4. Going fast does not save time. Too many teams underestimate this effort and ‘rush to code’ based on the belief that this will speed things up. It will not speed things up. Coding to incomplete requirements always slows things down. And, this has huge impacts, resulting in project delays and sometimes failure. When it comes to data readiness, that is precisely what some project teams attempt to do. Even, to this day! The reality is that we cannot design a car, much less build a car, without knowing what type of fuel system is required. You want to know that your car will work, not that the factory that built it is working.
Data that takes you where you need to go
The risks associated with data readiness and migration are not insignificant. They range from project delays and cost overruns, implementations that do not meet business needs, data that cannot support business processes, and, on occasion, canceled projects. For example, if your CRM objective is to improve customer relationships, then you need to have good customer data. Bad data might lead to contacting the same customer multiple times because of duplicate records, not knowing the contact name, or having no visibility to history.

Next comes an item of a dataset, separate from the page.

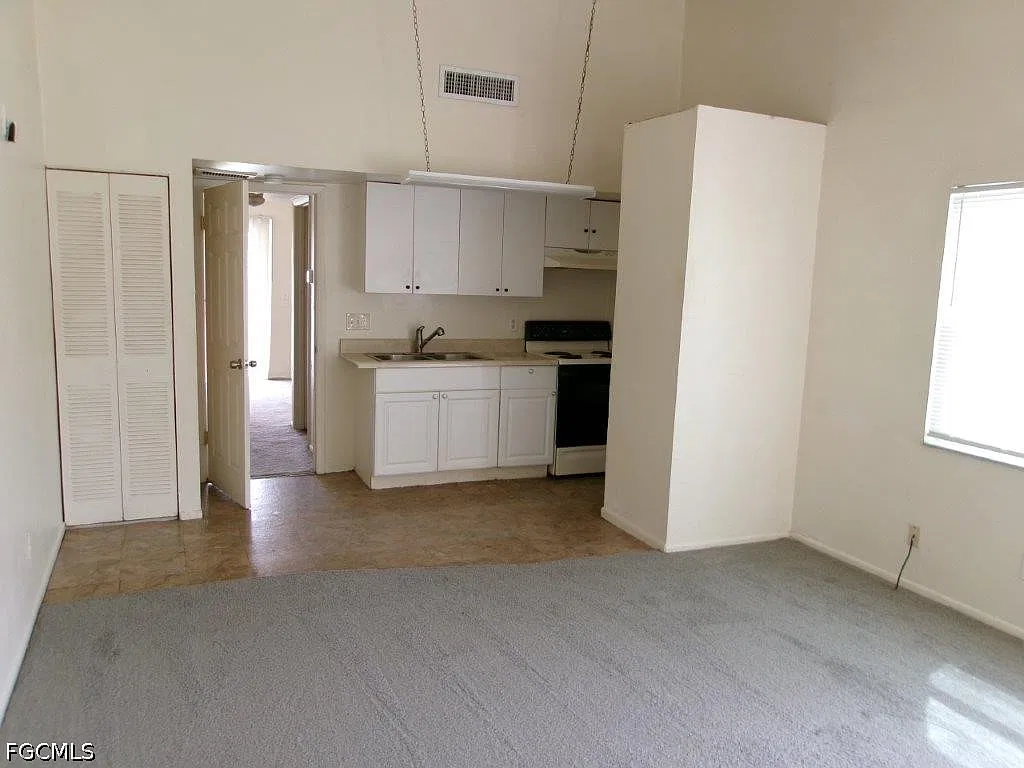 1 bed, 1.0 bath, 550 sqft, $875 — Photo 3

Quality data is imperative to success. Managing data readiness projects requires distinct approaches to staffing, detailed analysis of content, a comprehensive understanding of how the data will support business needs, exact timing/sequencing, and, of course, testing.
Your most impactful implementations will have data that is fit for use, supports business process needs, and possibly enables new operational insights. We can build an entire car in a few weeks, but if we want it to provide transportation, the fuel system needs to be functional, reliable and integrated with the rest of the components. The same principle applies to data readiness and migration.